Adapting the code to similar tasks

The en_edris9 model and dose_instruction_parser package have been tailored to the problem of parsing free text dose instructions from prescriptions. However, the code can be used as a starting point to solve similar problems.

Parsing dose instructions for specific drugs or conditions

The en_edris9 model was trained on a balanced set of data covering the whole of national prescribing information. This makes the model a good “all rounder” when it comes to performance. If you are interested in a specific subset of drugs or conditions, you should be able to boost performance by further training the model on this subset of data.

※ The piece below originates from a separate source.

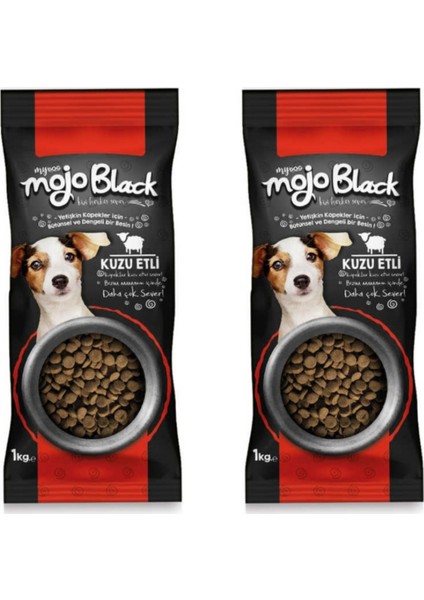 Mojo Black Yetişkin Köpek Maması 1 kg 2'li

To do this, follow instructions in the Training a new named entity recogniser model section, taking care to:

1. Create training data for the types of dose instruction you are interested in 1. Install the en_edris9 model (if you don’t have access you can use en_core_med7_lg, obtained following the instructions here) 1. Modify model/config/config.cfg to replace all instances of en_core_med7_lg with en_edris9 1. Evaluate the performance compared to en_edris9 and/or en_core_med7_lg, using model/compare_models.py as a guide alongside output from source model/evaluate_model.sh

Extracting different structural information

In en_edris9 there are nine named entities extracted, which give rise to the following structured fields:

Field

Description

inputID

ID passed in with dose instruction for bookkeeping

text

The original free text dose instruction (can be later removed)

form

The form of drug e.g. “tablet”, “patch”, “injection”

dosageMin

The minimum dosage

dosageMax

The maximum dosage

frequencyMin

The minimum frequency

frequencyMax

The maximum frequency

frequencyType

The type of frequency for the dosage e.g. “Hour”, “Day”, “2 Week”

durationMin

The minimum duration of treatment

durationMax

The maximum duration of treatment

durationType

The type of duration for dosage e.g. “Day”, “Week”

asRequired

True/False: Whether to take as required / as needed

asDirected

True/False: Whether to take as directed

Changing this output requires three main steps:

  1. Create new training data tagged with all the named entities you are interested in. You can add new entities here e.g. “AS_REQUIRED” and “AS_DIRECTED” were new entities surplus to those in en_med7

  2. Make sure that overwrite_ents = True in the [components.ner] section of model/config/config.cfg, then train a new model following Training a new named entity recogniser model

  3. Modify dose_instruction_parser/dose_instruction_parser code to process the new entities into the output you desire. This process is more or less involved depending on the complexity of the entities. You can use the existing entities as a guide.

Warning

Note that you should include training data which is fully representative of the data you would like to use the model for. If you only train the model further on a certain type of example it will begin to “forget” what it already knows i.e. get worse at extracting entities which it could do before but is now not being trained on.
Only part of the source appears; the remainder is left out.